Welcome to search “little monkey technical notes” to follow my public account, you can timely communicate with me if you have any questions.

In our daily life, we must have experienced the similar scenario: when applying for an exam to upload a photo, the website requires that the photo should not be larger than how much, and the requirement is “.jpg “format.

Welcome to search “little monkey technical notes” to follow my public account, you can timely communicate with me if you have any questions.

So you happily upload your prettiest photos, but the site tells you that the photos are formatted incorrectly and asks you to re-upload. This time the heart does not know how many doubts welled up in my mind (actually is grass mud horse in pentium) my photo is clearly “.jpg “ending, and the size also conforms to the specification, why not?

We often assume (in the case of A Windows computer, the Mac doesn’t know, because I don’t have an image) that the “.jpg “image must end in the canonical” JPG “file type. In fact, I thought so at first, until a few days ago, I stepped in the docking project when a big hole, a big hole!

My docking project required a file whose image was “JPG” and base64 encoded with a file beginning with “/9j”. So I uploaded what appeared to be a conforming image saved on my computer, and it turned out to be a bunch of error messages. So I tried again, changing some other images for testing, and found that some worked, and some didn’t. To be honest, I fell apart inside! It feels like you know pictures

When I got home I was wondering why I asked for something that started with “/ 9J “? I opened Baidu, after entering the keyword “/9j”, hehe! I laughed. What are they? This has nothing to do with my problem!

What the hell? What the hell is this? Even the mighty Baidu did not give results! In this way, I search to 12 o ‘clock……

I couldn’t take it anymore, so I went to bed. But lying in bed I toss and turn, open the mobile phone to continue to search…… All of a sudden! I read a computer picture file header information analysis of the article! A light flashed across my forehead. So I got up, silently opened the computer, opened baidu……

The original computer in storage is to store the basic information of the picture, such as what type of picture, the basic information of the width and height of the picture, these basic information is called picture header information. All right! Forgive my ignorance, once I naively thought it was according to the file suffix name.

We should know that the image is stored in the computer as a pixel by pixel, the bottom layer is also a binary file, so the file header is needed to hold the file information. After searching for information, I found the following header identification information (hexadecimal identification) for different formats of pictures:

BMP file header (2 bytes) 42 4D 2.PNG file header (8 bytes) 89 50 4E 47 0D 0A 1A 0A 3.GIF file header (6 bytes) 47 49 46 38 4.JPEG/JPG header identifier (2 bytes): FF D8 (SOI) (JPEG file identifier) SOI saved an image on my computer with the suffix “.jpg “and opened it with UE, a powerful tool, just as I expected, to see the contents of this file.
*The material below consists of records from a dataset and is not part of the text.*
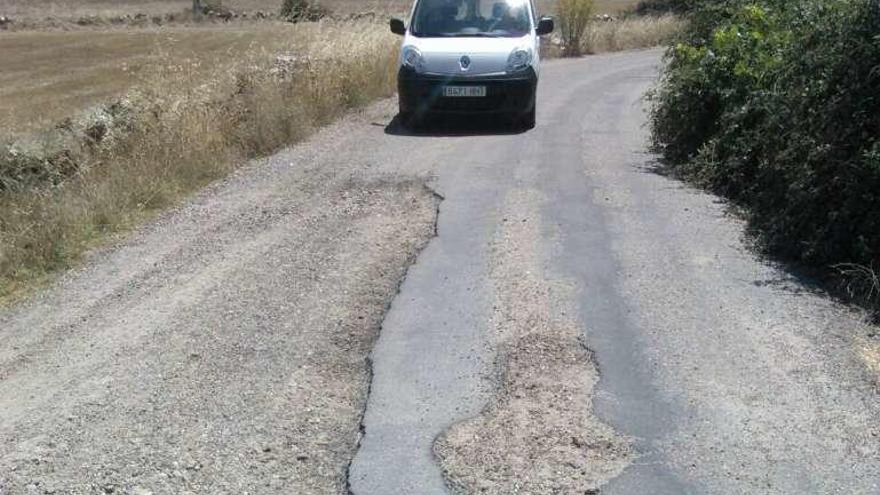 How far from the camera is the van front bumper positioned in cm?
1346

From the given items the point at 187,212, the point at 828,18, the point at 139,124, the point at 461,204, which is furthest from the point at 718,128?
the point at 139,124

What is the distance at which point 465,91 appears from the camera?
44.2ft

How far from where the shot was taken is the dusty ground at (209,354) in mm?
4680

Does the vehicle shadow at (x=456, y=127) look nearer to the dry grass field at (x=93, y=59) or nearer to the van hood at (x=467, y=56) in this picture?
the van hood at (x=467, y=56)

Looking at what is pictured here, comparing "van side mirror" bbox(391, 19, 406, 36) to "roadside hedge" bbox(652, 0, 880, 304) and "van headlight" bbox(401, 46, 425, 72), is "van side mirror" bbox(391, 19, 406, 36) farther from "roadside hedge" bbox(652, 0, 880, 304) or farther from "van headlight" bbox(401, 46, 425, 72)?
"roadside hedge" bbox(652, 0, 880, 304)

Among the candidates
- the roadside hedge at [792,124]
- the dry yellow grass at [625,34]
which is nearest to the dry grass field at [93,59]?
the roadside hedge at [792,124]

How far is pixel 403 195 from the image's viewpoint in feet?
31.8

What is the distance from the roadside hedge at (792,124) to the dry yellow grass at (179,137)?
4.87m

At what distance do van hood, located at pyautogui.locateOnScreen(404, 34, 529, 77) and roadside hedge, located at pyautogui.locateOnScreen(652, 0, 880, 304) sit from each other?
2.76 m

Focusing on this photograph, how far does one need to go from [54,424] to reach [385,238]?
357cm

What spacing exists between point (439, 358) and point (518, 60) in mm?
8449

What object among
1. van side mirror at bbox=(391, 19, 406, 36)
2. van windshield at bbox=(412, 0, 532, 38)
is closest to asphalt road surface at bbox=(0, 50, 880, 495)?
van windshield at bbox=(412, 0, 532, 38)

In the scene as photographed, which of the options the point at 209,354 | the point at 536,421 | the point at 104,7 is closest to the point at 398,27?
the point at 209,354

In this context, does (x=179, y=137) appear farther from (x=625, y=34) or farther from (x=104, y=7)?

If you’re not surprised, you’re not going to be able to read these things, because these are hexadecimal files. But the important thing I’ve highlighted for you is “FF D8”.

If we have a keyword like “Hello” for base64 encoding, we need to first convert “Hello” to binary, that is, “110100011001011101100110 11001101111”. I’ve given you an ASCII table here, which is in base 10, which needs to be converted from decimal to base 2.

There is a stipulation in Base64 that if a character is converted to a number that is not eight bits, zeros must be added in the highest digit, then intercepted in six bits, and finally, zeros must be added in the lowest digit that is not six bits. Then the segmented base 2 is converted to base 10 and parsed against base64 encoding table. The parsing of “hello” is as follows:

So the result of encoding “Hello” base64 is “aGVsbG8=”. In case you’re wondering why there’s an “=”, this is a base64 stipulation that one or two “=” are added automatically after coding.

So back to “FF D8”, the identity header of the JPG file, what is it after it has been base64 transcoded?

Thank god, I can see why it starts with /9j. There’s actually another way to quickly check if it’s a JPG file. We can use notepad to open a JPG file.

When you open it up, you’re not going to understand any of this, but the important thing is that I’ve labeled it for you, and that’s “JFIF,” and this is a very important label, “JFIF” is “JPEG File Interchonge Format, “the JPEG File interchange Format.

In order to restore the file which clearly had the suffix “.jpg “before, but failed to identify the problem. We took a “.png “image and changed it to”.jpg “by changing the suffix. Then use Notepad to open and view the contents of the file.As you can see, it is not “JFIF”, so this is not a JPG file, so the upload is not recognized.

If you go to bed with your problems, you can’t sleep! Through this experience, I know the coding principle of Base64, and understand that files stored in the computer are not distinguished by simple suffix names, but file header information. The header information determines what a file is. So, your later program to determine the type of file do not just judge the suffix name is done!